--- Assigned task ---
Because the pictures are not wanted, reproduce the rest of the records below exactly as they stand.

[Collection entries]
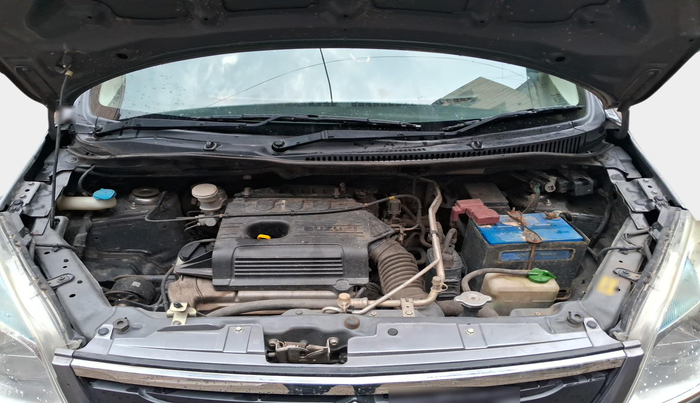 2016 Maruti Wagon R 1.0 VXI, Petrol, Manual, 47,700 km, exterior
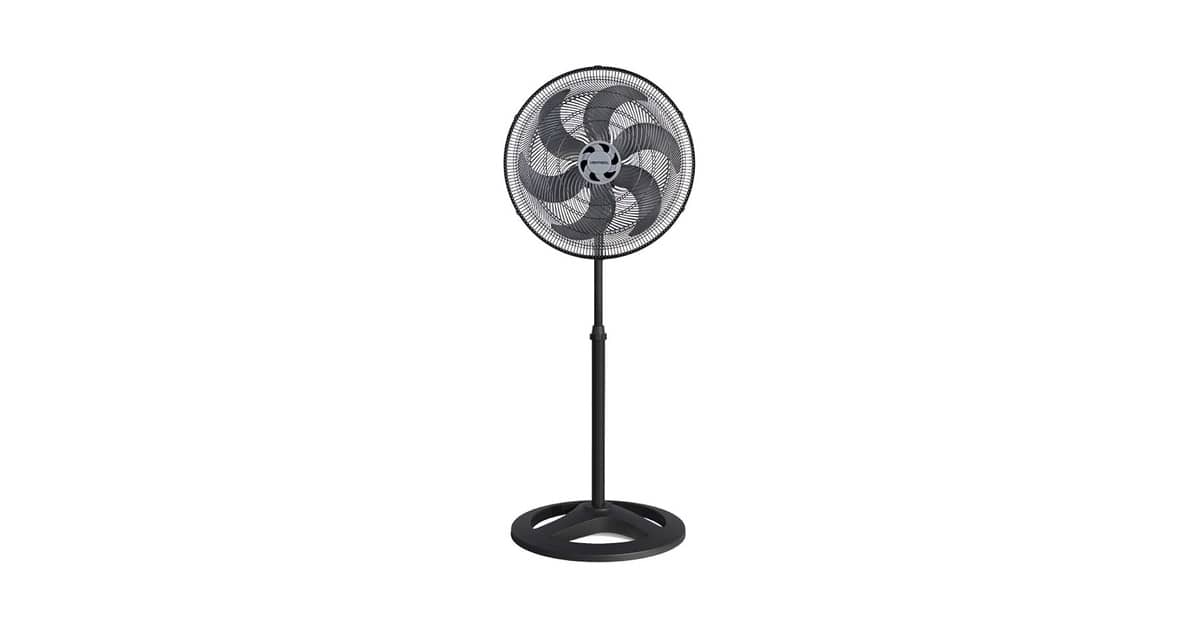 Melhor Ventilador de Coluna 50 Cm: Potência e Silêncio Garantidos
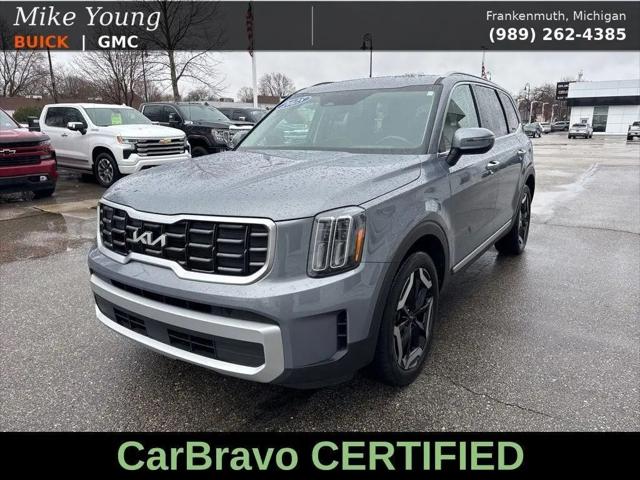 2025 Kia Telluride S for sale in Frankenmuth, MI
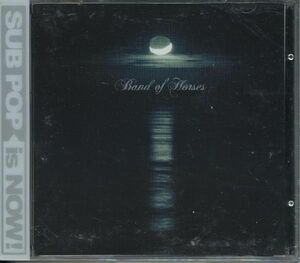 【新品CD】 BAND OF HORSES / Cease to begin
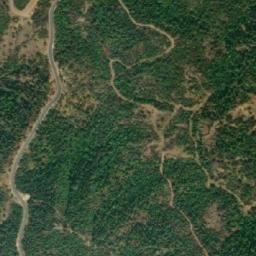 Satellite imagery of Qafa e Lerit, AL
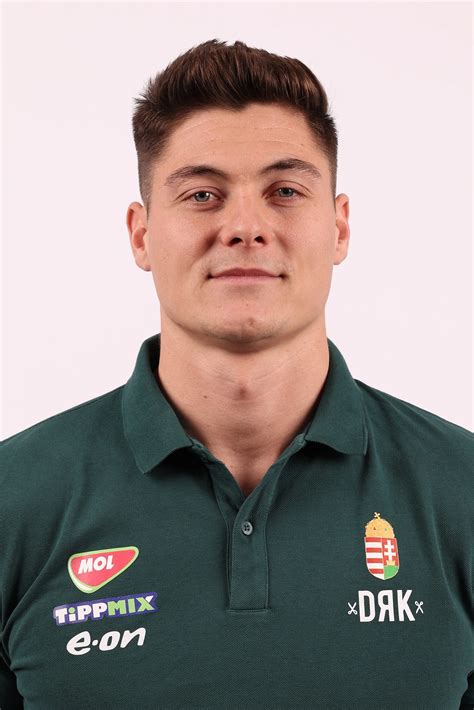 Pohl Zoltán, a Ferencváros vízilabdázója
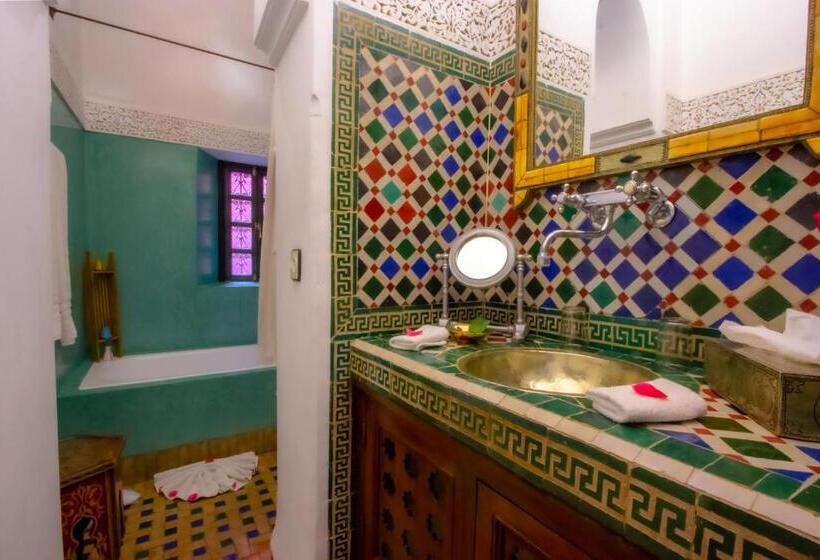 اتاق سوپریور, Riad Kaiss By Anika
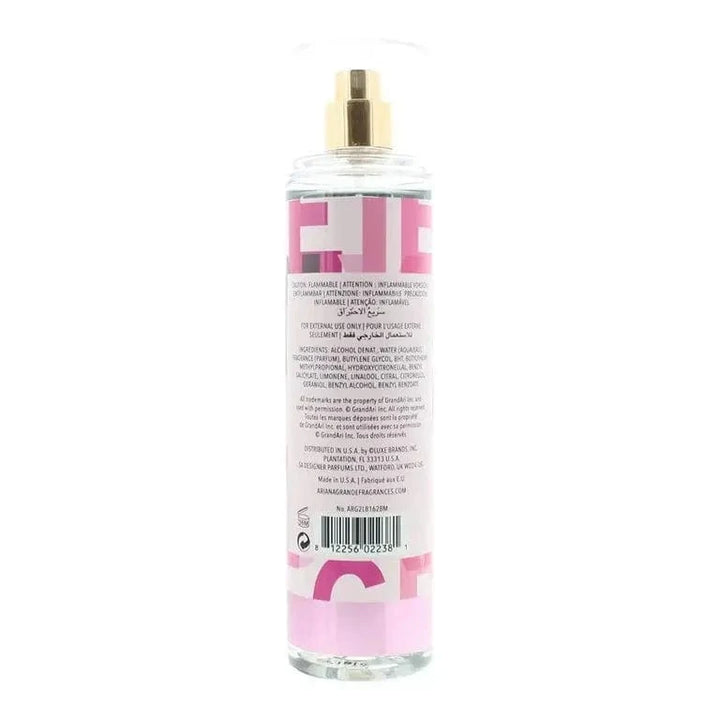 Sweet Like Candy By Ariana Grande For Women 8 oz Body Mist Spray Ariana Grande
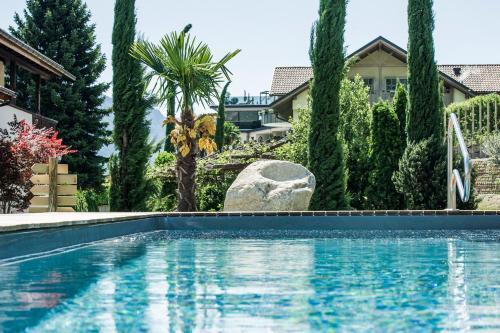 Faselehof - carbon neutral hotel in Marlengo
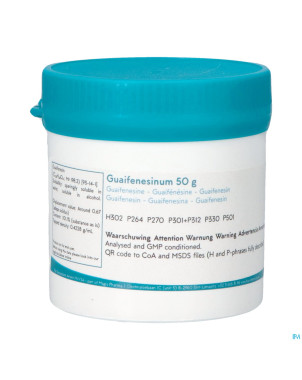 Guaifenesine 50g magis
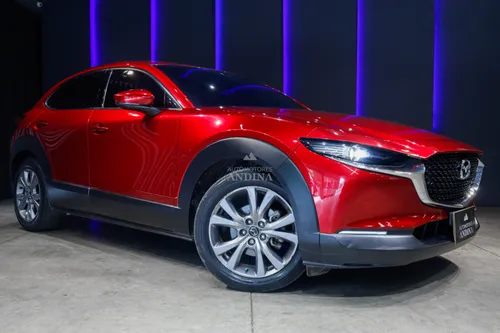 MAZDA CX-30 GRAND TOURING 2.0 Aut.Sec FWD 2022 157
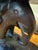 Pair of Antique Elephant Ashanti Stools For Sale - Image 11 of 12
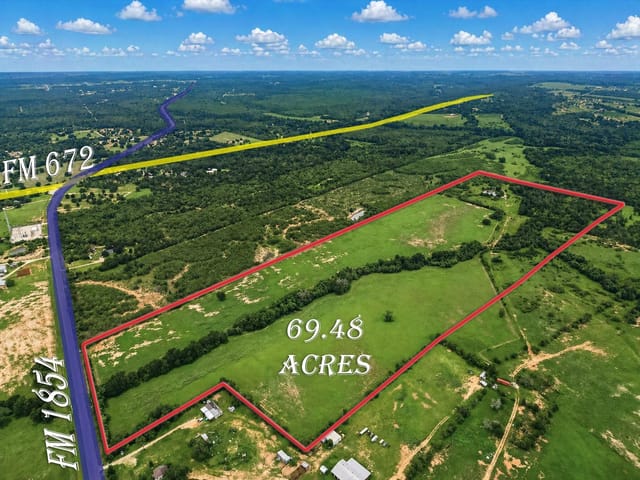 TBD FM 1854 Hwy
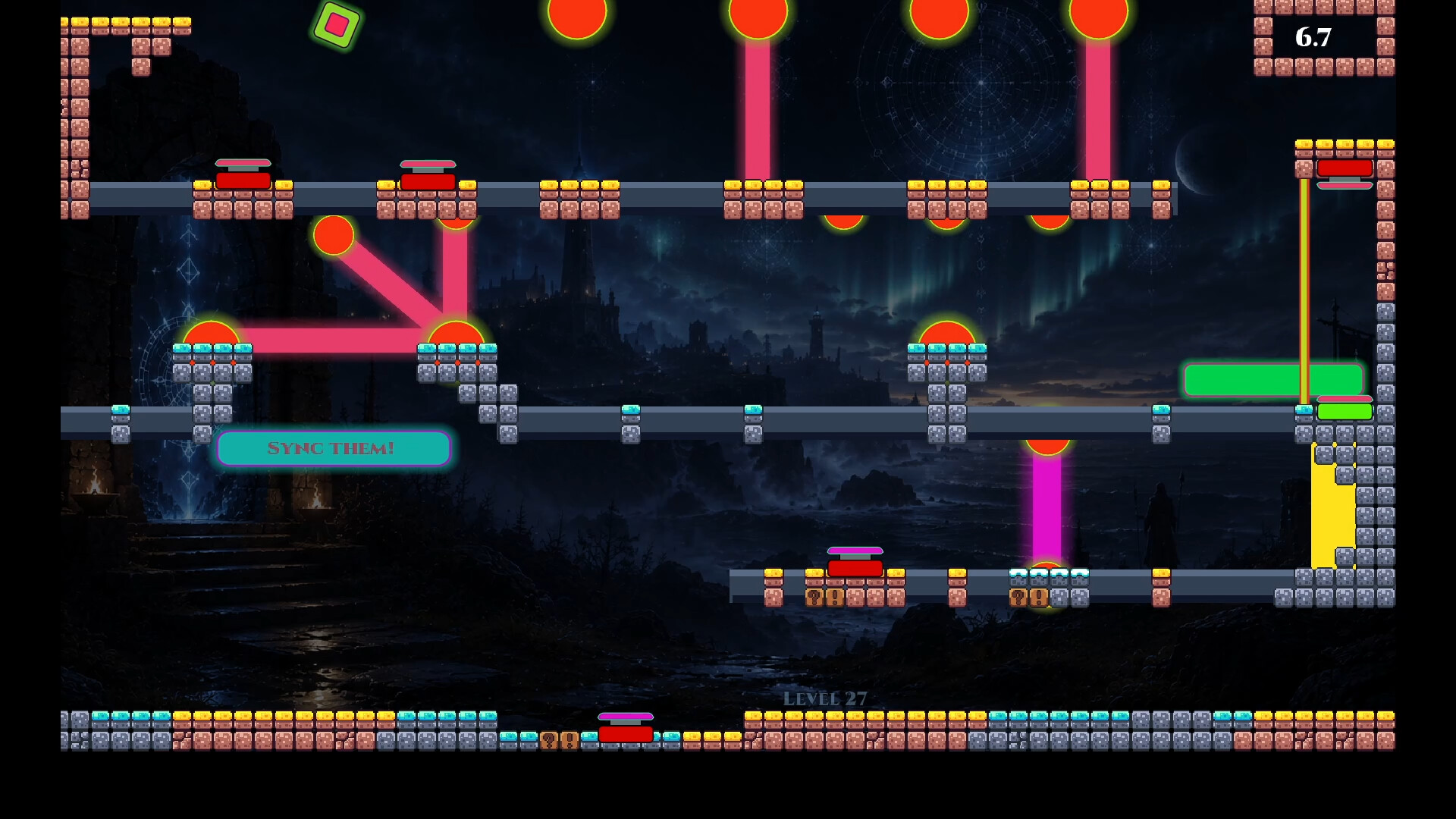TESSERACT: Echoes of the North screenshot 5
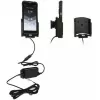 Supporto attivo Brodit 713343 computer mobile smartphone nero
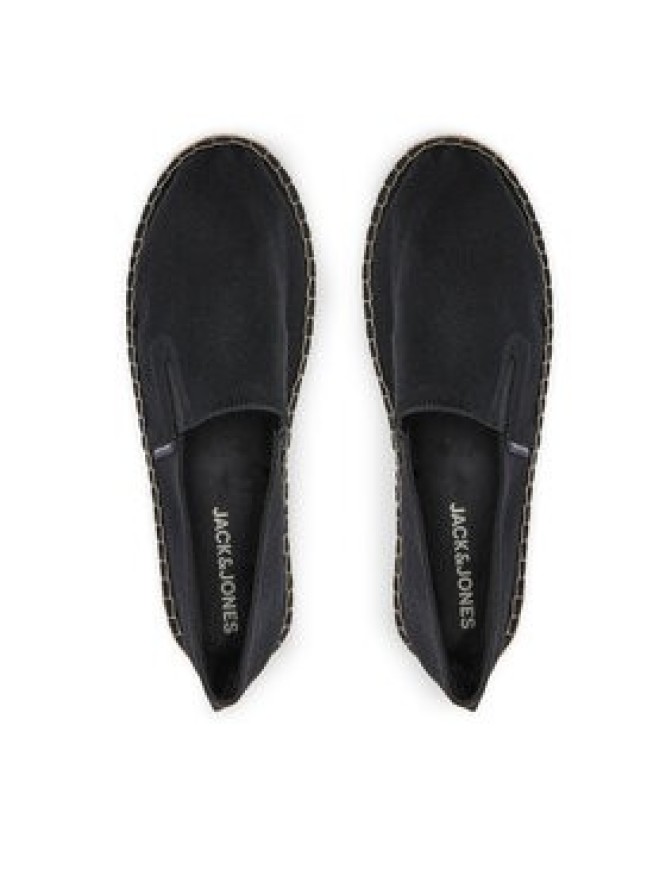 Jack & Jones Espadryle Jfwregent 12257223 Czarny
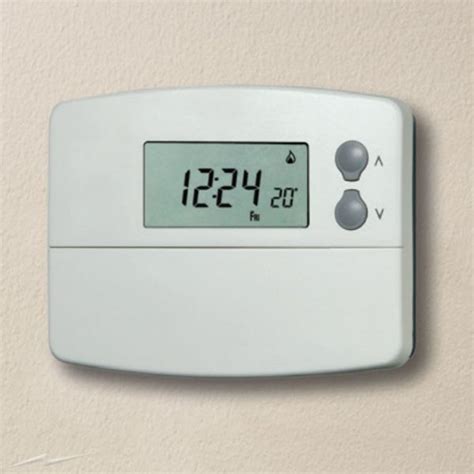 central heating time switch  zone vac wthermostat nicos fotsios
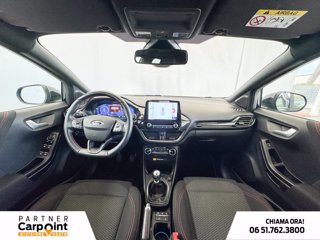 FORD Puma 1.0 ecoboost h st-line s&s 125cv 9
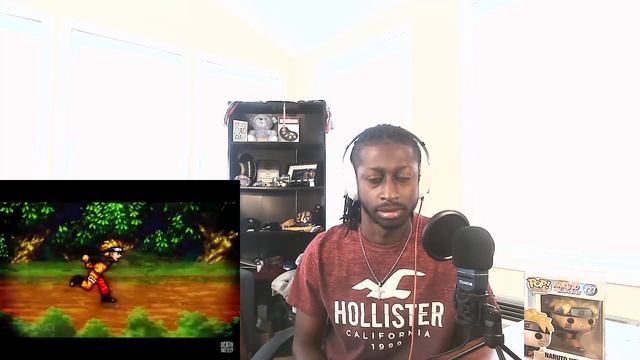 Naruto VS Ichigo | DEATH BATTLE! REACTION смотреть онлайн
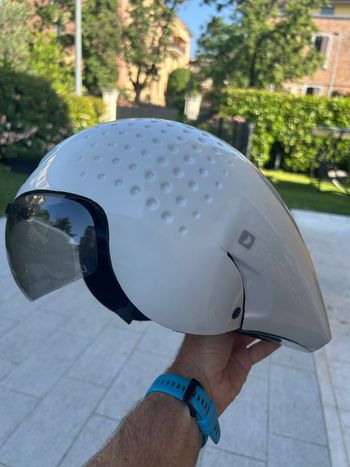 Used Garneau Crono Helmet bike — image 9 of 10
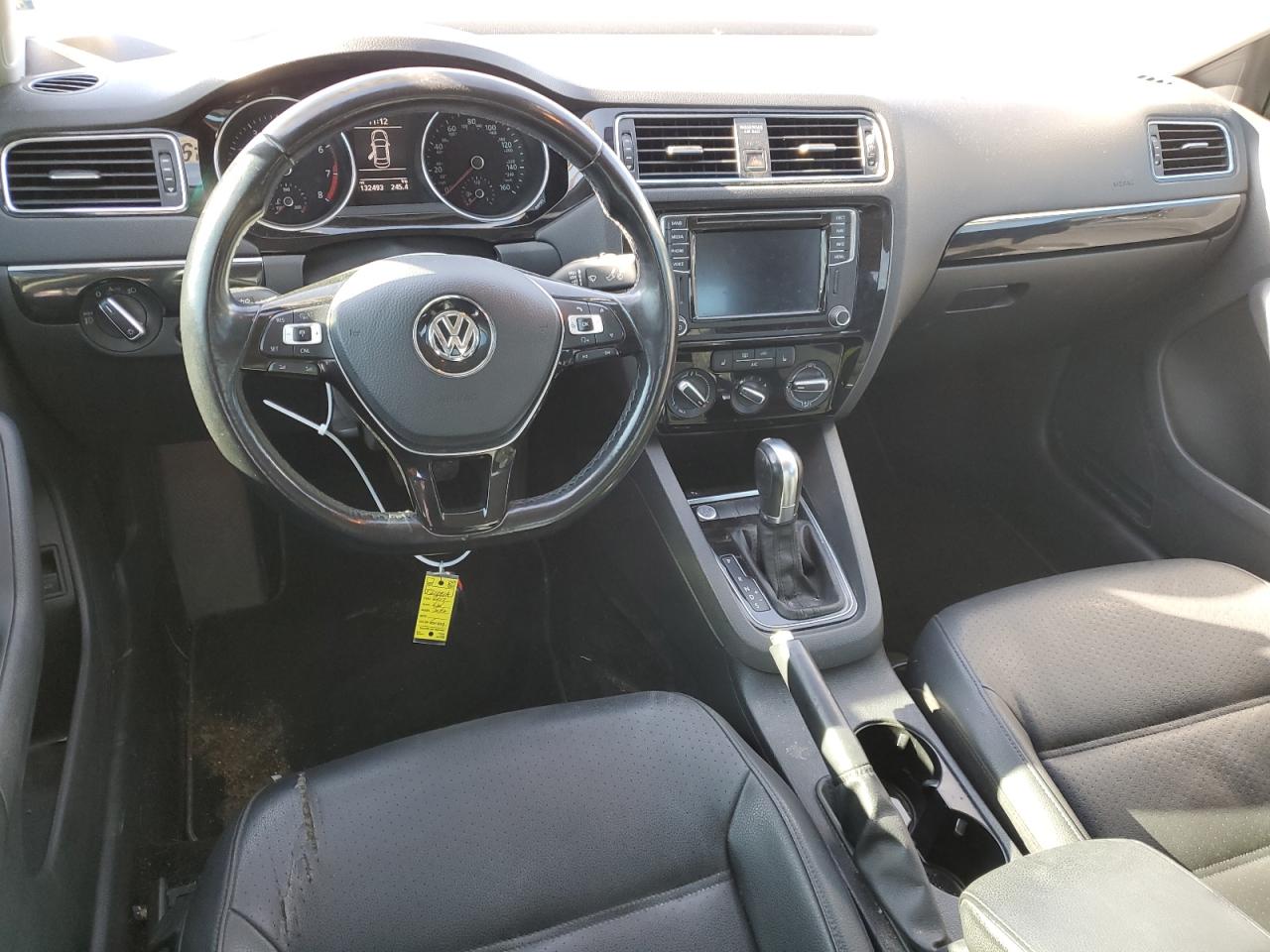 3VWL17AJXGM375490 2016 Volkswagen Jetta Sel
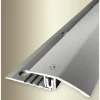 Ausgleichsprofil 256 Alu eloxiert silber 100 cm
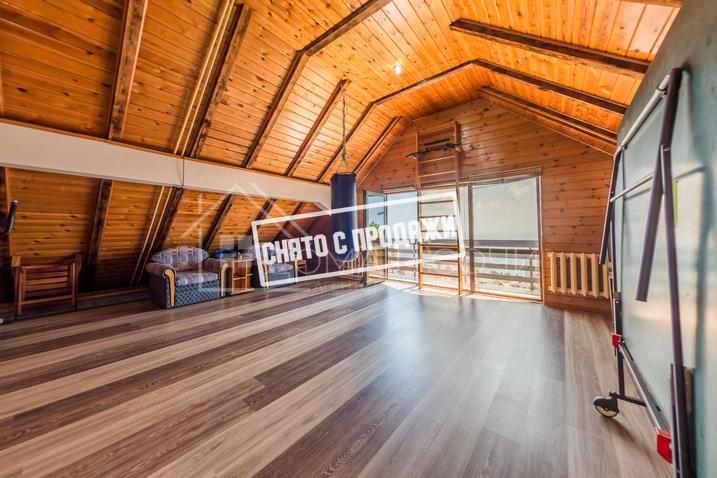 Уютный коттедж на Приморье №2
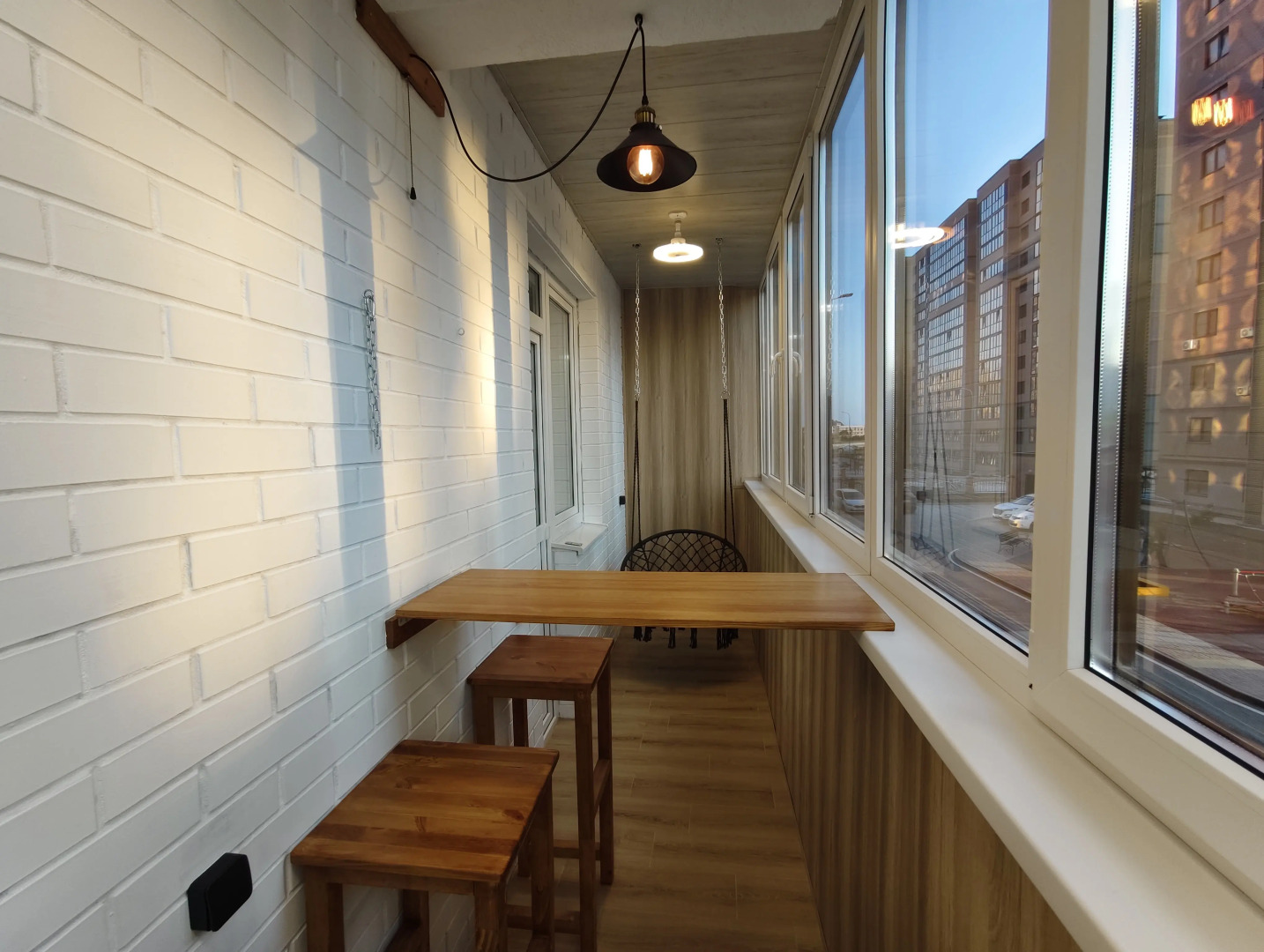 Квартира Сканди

--- Task output ---
 2016 Maruti Wagon R 1.0 VXI, Petrol, Manual, 47,700 km, exterior
 Melhor Ventilador de Coluna 50 Cm: Potência e Silêncio Garantidos
 2025 Kia Telluride S for sale in Frankenmuth, MI
 【新品CD】 BAND OF HORSES / Cease to begin
 Satellite imagery of Qafa e Lerit, AL
 Pohl Zoltán, a Ferencváros vízilabdázója
 اتاق سوپریور, Riad Kaiss By Anika
 Sweet Like Candy By Ariana Grande For Women 8 oz Body Mist Spray Ariana Grande
 Faselehof - carbon neutral hotel in Marlengo
 Guaifenesine 50g magis
 MAZDA CX-30 GRAND TOURING 2.0 Aut.Sec FWD 2022 157
 Pair of Antique Elephant Ashanti Stools For Sale - Image 11 of 12
 TBD FM 1854 Hwy
TESSERACT: Echoes of the North screenshot 5
 Supporto attivo Brodit 713343 computer mobile smartphone nero
 Jack & Jones Espadryle Jfwregent 12257223 Czarny
 central heating time switch  zone vac wthermostat nicos fotsios
 FORD Puma 1.0 ecoboost h st-line s&s 125cv 9
 Naruto VS Ichigo | DEATH BATTLE! REACTION смотреть онлайн
 Used Garneau Crono Helmet bike — image 9 of 10
 3VWL17AJXGM375490 2016 Volkswagen Jetta Sel
 Ausgleichsprofil 256 Alu eloxiert silber 100 cm
 Уютный коттедж на Приморье №2
 Квартира Сканди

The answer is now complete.